[[ SUPPLIED ENTRIES, beginning ]]

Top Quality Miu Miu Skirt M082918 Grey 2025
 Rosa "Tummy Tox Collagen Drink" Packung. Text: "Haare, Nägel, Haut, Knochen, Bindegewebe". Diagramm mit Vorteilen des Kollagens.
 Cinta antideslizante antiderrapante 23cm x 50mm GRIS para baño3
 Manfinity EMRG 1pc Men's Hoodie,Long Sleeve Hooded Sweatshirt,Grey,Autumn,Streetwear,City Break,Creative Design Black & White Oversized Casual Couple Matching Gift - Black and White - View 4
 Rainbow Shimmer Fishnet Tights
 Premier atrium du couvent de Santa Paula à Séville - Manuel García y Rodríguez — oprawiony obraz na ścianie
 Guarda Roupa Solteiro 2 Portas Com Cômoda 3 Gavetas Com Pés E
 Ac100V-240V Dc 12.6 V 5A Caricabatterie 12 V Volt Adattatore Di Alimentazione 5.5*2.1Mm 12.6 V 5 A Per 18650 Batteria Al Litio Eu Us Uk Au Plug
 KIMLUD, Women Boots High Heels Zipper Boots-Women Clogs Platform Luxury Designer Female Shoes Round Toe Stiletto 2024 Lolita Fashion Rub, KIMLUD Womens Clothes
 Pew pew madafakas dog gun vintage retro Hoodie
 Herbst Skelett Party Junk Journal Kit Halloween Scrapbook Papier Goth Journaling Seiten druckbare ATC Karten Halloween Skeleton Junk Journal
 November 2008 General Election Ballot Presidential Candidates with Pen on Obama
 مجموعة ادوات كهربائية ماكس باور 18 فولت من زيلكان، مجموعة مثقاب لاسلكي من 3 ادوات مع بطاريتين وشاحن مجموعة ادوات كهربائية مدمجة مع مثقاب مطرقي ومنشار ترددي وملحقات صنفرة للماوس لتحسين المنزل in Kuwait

[[ SUPPLIED ENTRIES, end ]]

WORK TASK:
Print exactly the lines of the records from the one containing "Pew pew madafakas" through the end, and nothing besides them.

WRITTEN REPLY:
 Pew pew madafakas dog gun vintage retro Hoodie
 Herbst Skelett Party Junk Journal Kit Halloween Scrapbook Papier Goth Journaling Seiten druckbare ATC Karten Halloween Skeleton Junk Journal
 November 2008 General Election Ballot Presidential Candidates with Pen on Obama
 مجموعة ادوات كهربائية ماكس باور 18 فولت من زيلكان، مجموعة مثقاب لاسلكي من 3 ادوات مع بطاريتين وشاحن مجموعة ادوات كهربائية مدمجة مع مثقاب مطرقي ومنشار ترددي وملحقات صنفرة للماوس لتحسين المنزل in Kuwait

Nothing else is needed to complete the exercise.